By: Anthony Pugh
Editor: Ben Hanuka

In 2161907 Alberta Ltd. v. 11180673 Canada Inc., an August 30, 2021, decision of the Court of Appeal for Ontario in a franchise dispute involving a Tokyo Smoke cannabis store, the court upheld a lower court’s finding that the franchisor wrongly terminated the franchise agreement and sublease, but overturned the lower court’s finding that the franchisor acted in bad faith. 

 Key Facts 

 As part of the franchise deal, the parties had entered into three agreements.   

  • Under the licence agreement, the franchisor, 216, agreed to pay to the franchisee, 111, a $2 million branding fee.   
  • Under the loan agreement, the franchisor agreed to loan about $1.5 million in start-up costs to the franchisee. 
  • Under the sublease, the franchisor and sublandlord, leased the premises to the franchisee and subtenant, for a monthly rent amount of $105,409.   

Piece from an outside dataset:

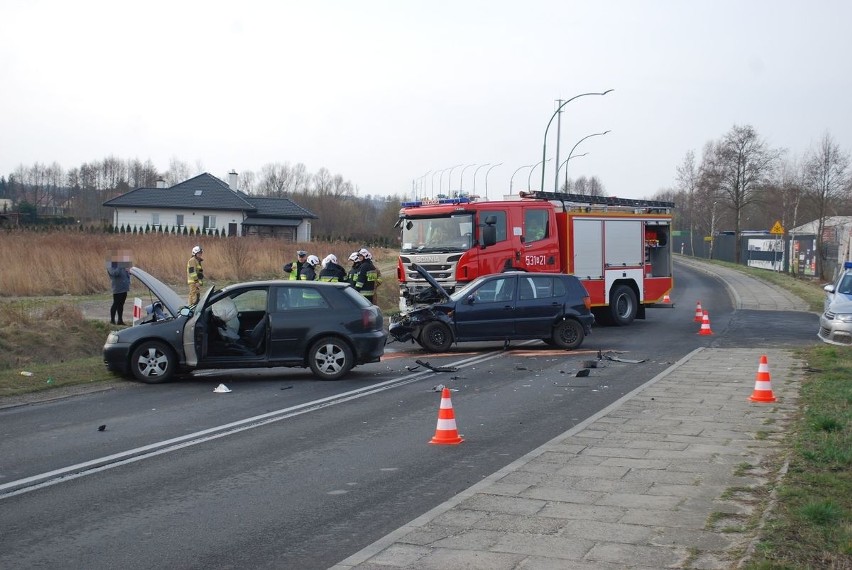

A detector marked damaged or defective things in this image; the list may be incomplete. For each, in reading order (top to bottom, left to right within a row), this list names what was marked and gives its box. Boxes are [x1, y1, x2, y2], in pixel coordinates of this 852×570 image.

shattered windshield [400, 214, 472, 252]
damaged black car [390, 266, 596, 350]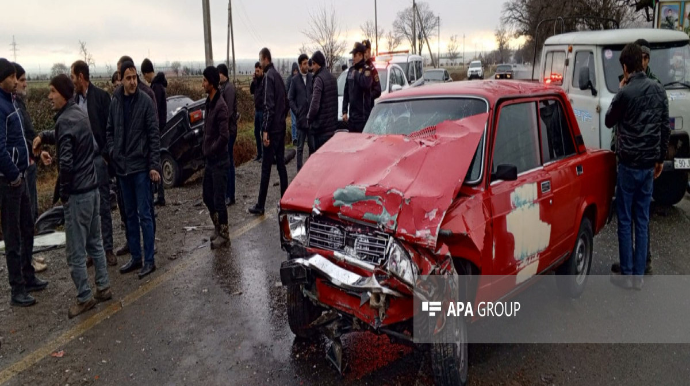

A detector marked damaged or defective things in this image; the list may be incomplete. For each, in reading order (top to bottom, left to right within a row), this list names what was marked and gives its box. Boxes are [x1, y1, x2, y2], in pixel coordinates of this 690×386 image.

Before opening the store, the parties had a dispute about whether their loan agreement would cover rent for the first month, June 2020, which was a significant amount.  216’s principal later admitted that he was mistaken about the loan agreement not covering the June rent.   

The store was scheduled to open in June 2020.  The franchisee, 111, advised that it would not open the store if it did not receive the loan to cover June rent.  The franchisor, 216, told 111 that it would arrange to have the rent deferred and that it would pay the branding fee soon. 

216 later reversed its position and terminated the licence agreement with 111, alleging that 111 had threatened to cease carrying on business.  111 nevertheless continued on with the store opening.   

216 did not pay the branding fee and instead started an application seeking a declaration that it had validly terminated the licence agreement. 

111 did not pay June and July rent, and 216 later terminated the sublease. 

At first instance, the application judge ruled that 111 had not defaulted under the licence agreement and that 216 had breached the licence agreement by terminating it.  She held that 111’s statements about not opening the store were an “emotional response to being given incorrect information at a critical time”.   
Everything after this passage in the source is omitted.